Es hat sich mittlerweile herumgesprochen, dass mit dem jungen Ensemble, das zum MGV Liederkranz Langenprozelten gehört, ein kulturelles Aushängeschild für den Landkreis und ein Werbeträger für den Chorgesang herangewachsen ist. Der Kulturpreis des Landkreises vor drei Jahren, die gefeierten Auftritte in der Region und die erfolgreiche Konzertreise nach Finnland im vergangenen Jahr sind die dazu passenden Ausrufezeichen.
Klassisch und modern
Während im ersten Teil des Konzerts Werke von der Renaissance bis zur Romantik erklangen, war der zweite Teil moderneren Stilrichtungen gewidmet. Dabei kam auch der einfühlsam begleitende Pianist Robert Werner öfter zum Einsatz. Angenehm für die Zuhörer, dass jeweils ein Chormitglied Hintergrundwissen vermittelte und gegebenenfalls Texte übersetzte.
Mit dem im 15. Jahrhundert komponierten Kyrie von Johann Ockeghem, wie viele der geistigen Lieder a capella gesungen, und dem aus der gleichen Epoche stammenden vierstimmigen Abschieds- und Trauerlied „Innsbruck, ich muss dich lassen“ von Heinrich Isaac eröffneten die Sänger das Konzert. Werke von Orlando de Lasso, Daniel Friederici und Heinrich Schütz, denen oft Texte aus Psalmen zugrunde lagen, folgten im Programm.
Mit dem bekannten „Nun ruhen alle Wälder“ markierten die Sänger vor der Pause einen der Höhepunkte des Abends. Mächtig, mit großer Klangfülle und beeindruckender Sicherheit auch bei den hohen Sopranstimmen, interpretierten sie das Kirchenlied nach dem gleichnamigen Choral von Johann Sebastian Bach. Heimat, Natur und Wald waren vor allem in der Romantik wiederkehrende Themen, wie bei Mendelssohn-Bartholdys „Abschied vom Walde“ oder „In stiller Nacht“ von Johannes Brahms.
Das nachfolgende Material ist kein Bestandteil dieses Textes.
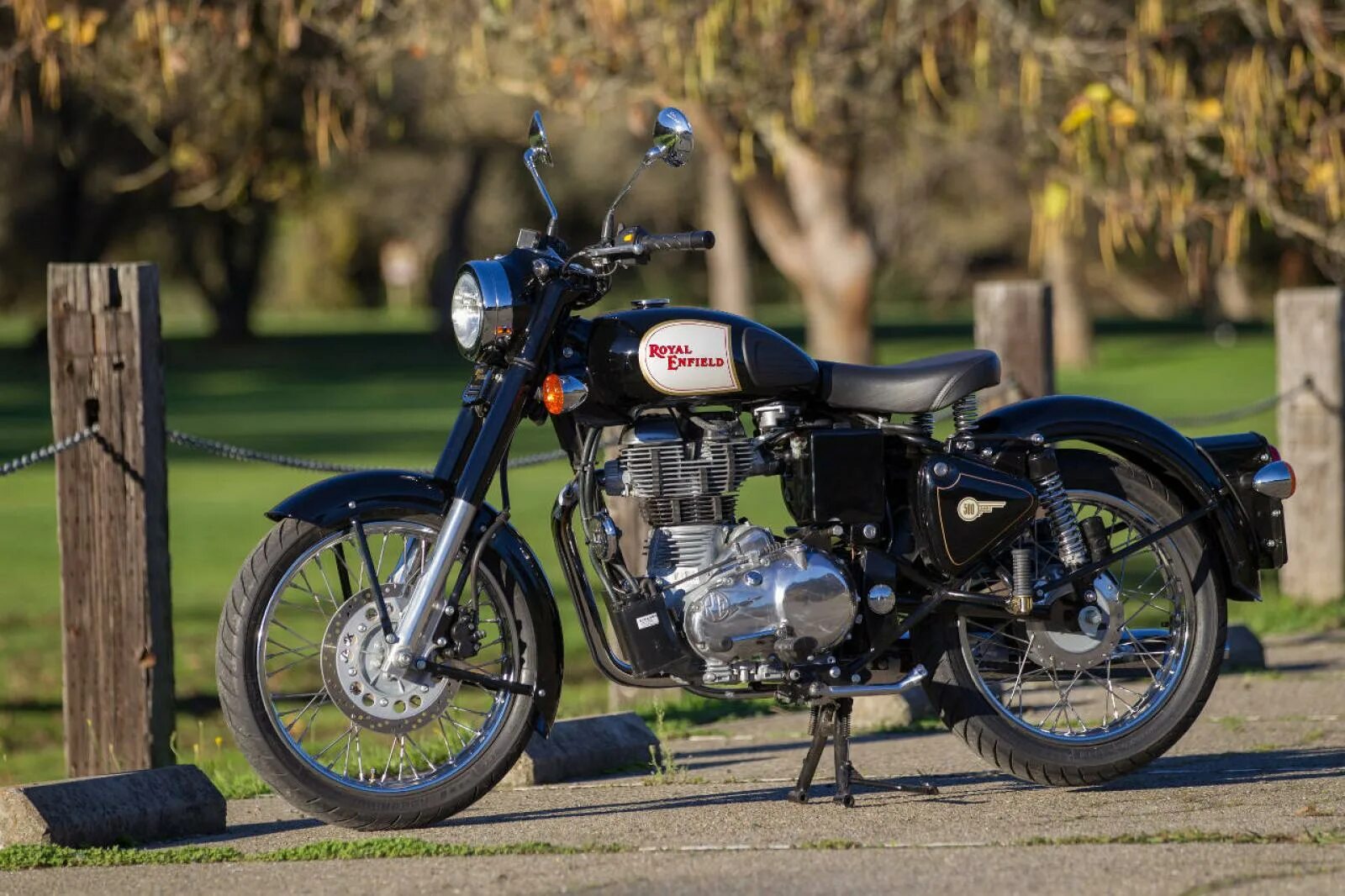 Энфилд мотоцикл купить. Роял Энфилд. Мотоцикл Royal Enfield. Royal Enfield Classic. Enfield 500.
Mit den unvergessenen, Anfang der 1930er Jahre international bekannten Comedian Harmonists, startete die Reise bei „Wochenend' und Sonnenschein“ in den zweiten Teil. Anschließend spannte der Chor den Bogen von dem durch die Nazidiktatur wegen ihrer drei „nichtarischen“ Mitgliedern aufgelösten sechsköpfigen Berliner Vokalensemble hin zum mit Klarinetten begleiteten jiddischen Friedenslied „Schpilsche mir a Lidele“.
Nach den Volksweisen „Kein schöner Land“ und „Die Gedanken sind frei“ gab es auch experimentelle Klänge zu hören, wie der scheinbar ungeordnet im Stakkato angelegte Sprechgesang von John Cage im Titel „Story“ oder in „Solfeggio“, einer durch das Aneinanderreihen von Vokalen entstehenden minimalistischen Musik des zeitgenössischen Komponisten Arvo Pärt aus Estland.
Abba und Spirituelles
Es folgten Ohrwürmer aus der Rock- und Popwelt, zu denen „Only you“ von den Flying Pickets zählt, „Money Money“ von Abba und das mit origineller Choreografie vorgetragene „The Lion sleeps tonight“, bekannt aus dem Musical „König der Löwen“.
Das spirituell anmutende und zum Nachdenken über den Weg zu einem glücklichen Leben anregende „The Rhythm of Life“ und ein Abendlied als Zugabe bildeten den Schlusspunkt eines Chorkonzerts der Extraklasse.